Kampala. A senior government official has tasked agencies responsible for quality control to be alert following reports of artificial foods on the market.
Ms Mary Karooro Okurut, the minister in-charge of General Duties, yesterday said she has received information that some people were making artificial eggs, rice and fish.
She said there is fear this could spread to other commodities if not checked.
Ms Okurut was speaking on behalf of Prime Minister Ruhakana Rugunda at a joint scientific symposium by Makerere University and National Agricultural Research Organisation (NARO) at Speke Resort Munyonyo.
“We are what we are because of what we eat. Many people have committed suicide with the fork than any other instrument either because of consumption of a wrong, too much or little food. We see very negative trends. We know plastic rice is being manufactured by unscrupulous people,” Ms Okurut said.
No proof yet
She added: “We are now scared of whether there is another unscrupulous person manufacturing grasshoppers. We have unscrupulous people who are also innovative. We are hoping that departments of government charged with ensuring that we have got products that are not poisonous are alert.”
Mr Edwin Bonge Muhwezi of Uganda National Bureau of Standards yesterday told Daily Monitor that their investigations last week had not established any fake foods on the market. He said they have a market surveillance team that is on ground every day to monitor products being sold so that they are not compromised.
“We investigated when we got reports of fake eggs but we haven’t come across any fake eggs. We also investigated rice but there is no plastic rice. We appeal to the public to remain vigilant and report immediately, our team will be there to investigate,” Mr Muhwezi said.
According to Mr Muhwezi, they seized more than 400 metric tones of fake products on the market (worth Shs3.5 billion) last year which were destroyed last month.

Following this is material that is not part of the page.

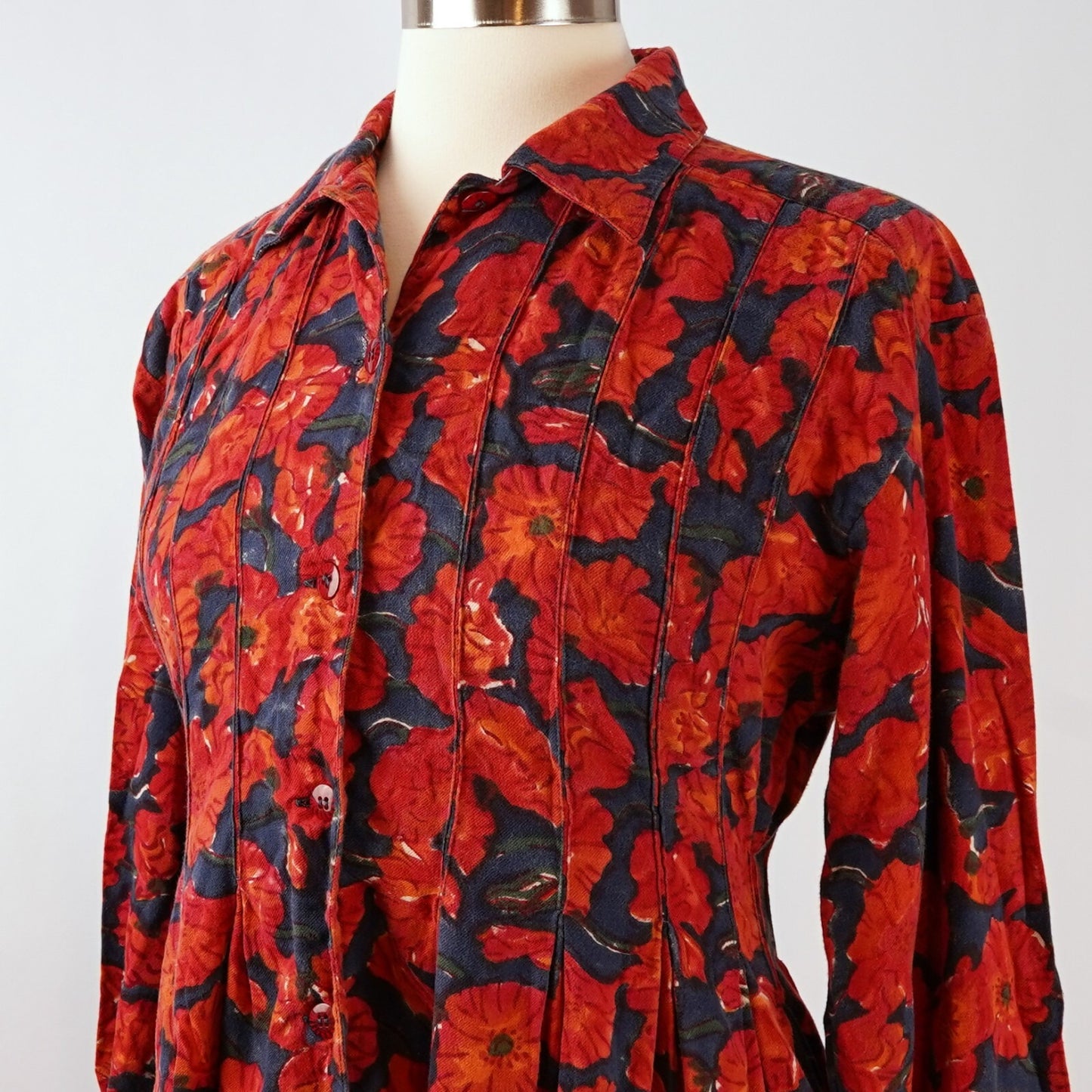 Anokhi Red Poppy Floral Midi Shirt Dress - 8 - Vintage 80's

National remote sensing centre
Citing the recent mudslides in Bududa, Ms Okurut urged the scientists to increase use of space science, earth observation and geospatial science and technology to detect the early warning signs to save lives and safeguard the environment.
She added that the government plans to establish a national remote sensing centre.
The Makerere University vice chancellor, Prof Barnabas Nawangwe, said only 50 per cent of their research is utilised by government agencies and appealed that extension services be revised for proper linkage.
Mr Yona Baguma, the Naro deputy director general, asked government to support farmers with storage facilities which can accommodate agricultural produce.
He said 40 per cent of the maize produced in the last season got spoilt because of lack of storage facilities.